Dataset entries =
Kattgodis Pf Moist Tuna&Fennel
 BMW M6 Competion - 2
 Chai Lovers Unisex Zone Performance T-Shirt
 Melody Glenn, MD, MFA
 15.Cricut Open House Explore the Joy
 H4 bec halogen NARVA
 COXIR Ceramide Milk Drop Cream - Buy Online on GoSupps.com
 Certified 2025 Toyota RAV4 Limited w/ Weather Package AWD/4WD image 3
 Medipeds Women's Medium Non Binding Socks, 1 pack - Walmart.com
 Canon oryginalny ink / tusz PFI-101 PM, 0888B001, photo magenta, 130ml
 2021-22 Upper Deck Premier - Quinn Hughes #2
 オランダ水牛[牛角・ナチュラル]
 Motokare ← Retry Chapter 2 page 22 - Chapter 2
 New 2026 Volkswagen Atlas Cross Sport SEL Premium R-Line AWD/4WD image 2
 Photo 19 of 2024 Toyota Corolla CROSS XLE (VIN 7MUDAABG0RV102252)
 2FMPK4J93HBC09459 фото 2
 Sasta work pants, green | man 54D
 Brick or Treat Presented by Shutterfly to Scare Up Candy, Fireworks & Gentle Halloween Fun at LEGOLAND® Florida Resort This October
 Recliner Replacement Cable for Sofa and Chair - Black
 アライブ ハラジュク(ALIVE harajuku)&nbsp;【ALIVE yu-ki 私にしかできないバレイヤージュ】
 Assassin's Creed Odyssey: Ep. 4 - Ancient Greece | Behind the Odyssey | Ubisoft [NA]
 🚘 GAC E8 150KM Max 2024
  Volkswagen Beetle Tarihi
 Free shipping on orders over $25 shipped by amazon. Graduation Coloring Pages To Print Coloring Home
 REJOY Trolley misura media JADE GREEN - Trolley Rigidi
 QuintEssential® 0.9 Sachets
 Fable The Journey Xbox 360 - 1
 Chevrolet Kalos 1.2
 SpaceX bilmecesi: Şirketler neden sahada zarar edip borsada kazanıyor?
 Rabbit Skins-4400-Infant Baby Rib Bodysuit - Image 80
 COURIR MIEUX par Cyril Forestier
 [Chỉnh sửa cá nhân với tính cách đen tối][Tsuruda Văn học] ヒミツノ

TASK = Quote exactly the first line of the data and every line after it through the one holding "Canon oryginalny ink".

SOLUTION =
Kattgodis Pf Moist Tuna&Fennel
 BMW M6 Competion - 2
 Chai Lovers Unisex Zone Performance T-Shirt
 Melody Glenn, MD, MFA
 15.Cricut Open House Explore the Joy
 H4 bec halogen NARVA
 COXIR Ceramide Milk Drop Cream - Buy Online on GoSupps.com
 Certified 2025 Toyota RAV4 Limited w/ Weather Package AWD/4WD image 3
 Medipeds Women's Medium Non Binding Socks, 1 pack - Walmart.com
 Canon oryginalny ink / tusz PFI-101 PM, 0888B001, photo magenta, 130ml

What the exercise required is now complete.